This environmentally friendly column is brought to you by West Roxbury Saves Energy, a community-based organization committed to spreading the word that individuals can make positive choices that save money as well as the planet.

What Makes TD Bank “Green” Other Than Money?

 

The following article was written by Rickie Harvey and Ray Porfilio.

You may have noticed that where Zoots Cleaners used to reside on Centre Street a new building has risen this fall. Constructed by TD Bank, its signs at the site indicated this would be a “sustainable” and “green” bank and the building caught our eye. So we got in touch with the folks at TD Bank to inquire what exactly these assertions meant.

Before getting into the specifics of the West Roxbury branch, Scott Hite, TD Bank’s Enterprise Real Estate Head of Architecture and Design, first provided some general information. According to Hite, in 2010 TD Bank could boast being “the largest U.S.-based bank to become carbon neutral by constructing energy-efficient buildings according to LEED standards, lowering its energy consumption, and purchasing enough renewable energy credits — from sources like wind, solar and low-impact hydro power — to offset 100 percent of the bank’s annual electricity needs for its Maine to Florida footprint.”

LEED (short for Leadership in Energy and Environmental Design) is a voluntary green building program developed and administered by the U.S. Green Building Council to assess and certify the level of sustainability achieved by buildings. According to Hite, the West Roxbury branch of TD Bank has been designed to achieve LEED Silver certification, a level above the minimum required for certification.

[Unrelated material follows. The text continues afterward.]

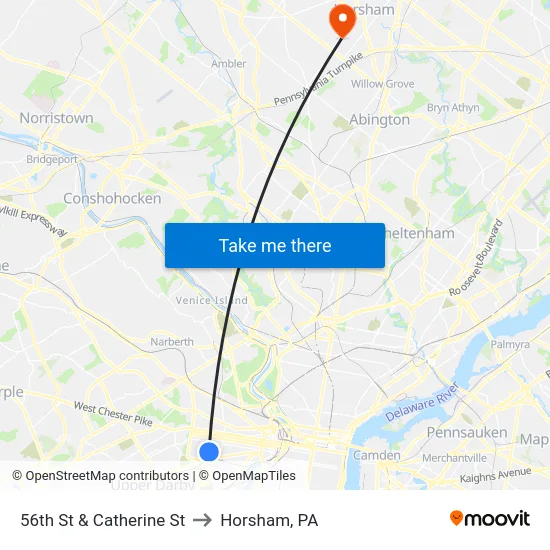 56th St & Catherine St to Horsham, PA map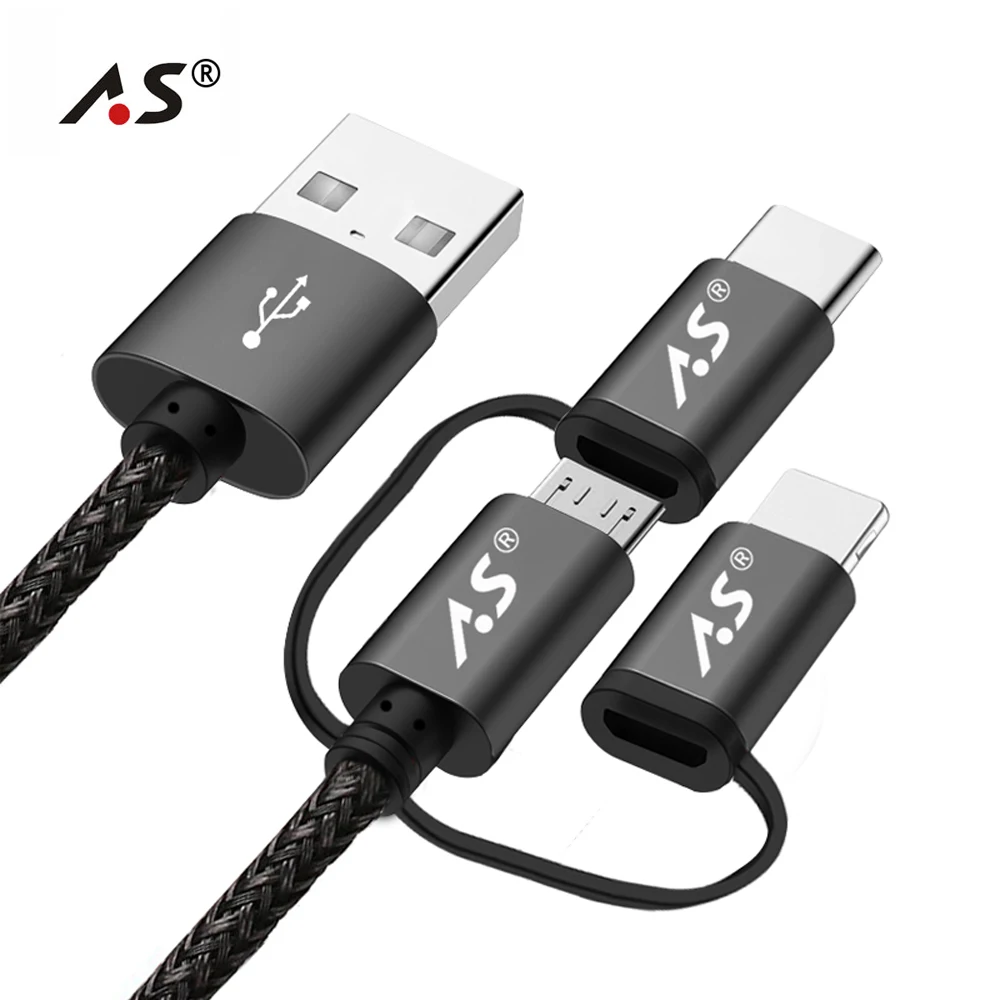 A.S 3в1 USB кабель для iPhone XS X 8 7 6 5 Micro Type C Samsung S9 S8 быстрой зарядки 2.4A шнур зарядного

Because certification covers design, construction, operations, and maintenance, TD Bank will formally apply for certification of the West Roxbury branch after the building is complete.

We asked if their West Roxbury bank would have any unique features or would act as a prototype for other bank branches and learned that the West Roxbury branch has been designed to be 35 percent smaller than the green prototype TD Bank first introduced back in 2010. Hite stated that “TD Bank is reducing its overall carbon footprint by designing smaller stores, which reduces building materials and energy load impacts as well.”

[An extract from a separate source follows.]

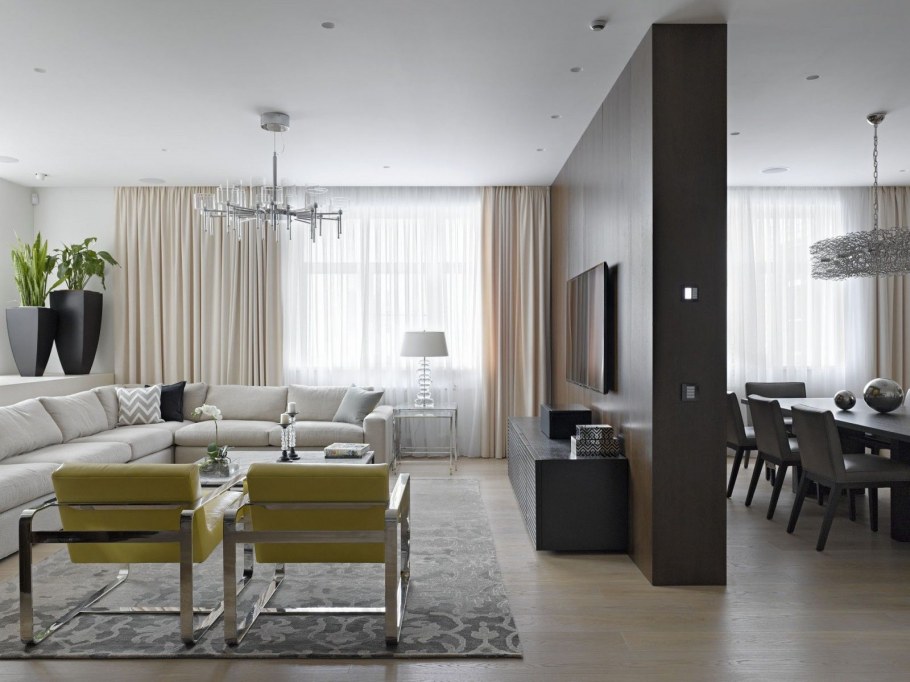 Контемпорари стиль в интерьере гостиной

TD Bank also touts its efforts to encourage “green transportation” among its employees and customers by offering the convenience of secure bicycle racks. In what might be a controversial move to some West Roxbury residents, who regularly complain about the lack of parking on Centre Street, the TD Bank branch on Centre provides no additional on-site parking. Hite says they eschewed this option because of the accessible public transportation nearby (buses and the commuter rail) in an additional effort to encourage customers and employees to contribute to reducing carbon emissions.

WRSE is always happy when businesses in our town make an effort to be green or go green and illustrate ways that this is possible. While such advancements help the environment, certainly, it should be noted that they also save these businesses money. A smaller building with a smaller footprint naturally means lower energy costs, even without using alternative sources of energy. In the same way that recycling saves money because it costs less than paying for trash removal, it only makes sense for businesses to explore all their options related to green activities. We are pleased that West Roxbury’s 14 (or is it fourteenth?) bank branch has constructed and will operate its branch building with “green” in mind that isn’t about only the green in its vaults.